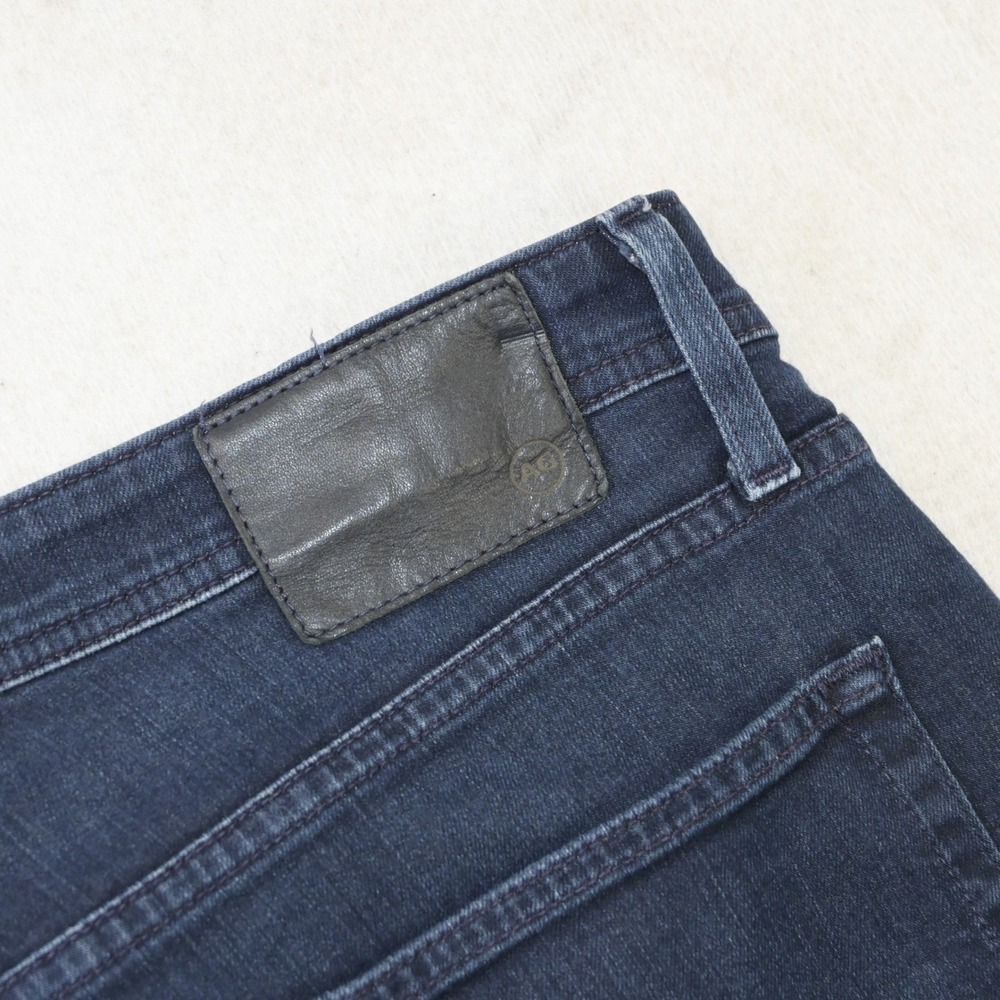 AG Adriano Goldschmied Tellis Modern Slim Jeans Mens 36x32"** Blue Denim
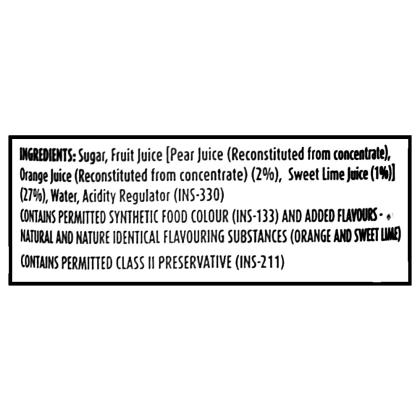 Mapro Lounge Citrus Blue Fruit Sharbat 1 L - Image 6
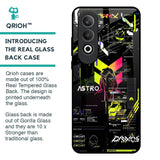 Astro Glitch Glass Case for OnePlus Nord CE4 5G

# # # # # # #

▸ **TASK ITEM**
Would you write out the material above in full, exactly as given, except for its pictures?

▸ **PROBLEM SOLUTION**
 AG Adriano Goldschmied Tellis Modern Slim Jeans Mens 36x32"** Blue Denim
 Mapro Lounge Citrus Blue Fruit Sharbat 1 L - Image 6
 Astro Glitch Glass Case for OnePlus Nord CE4 5G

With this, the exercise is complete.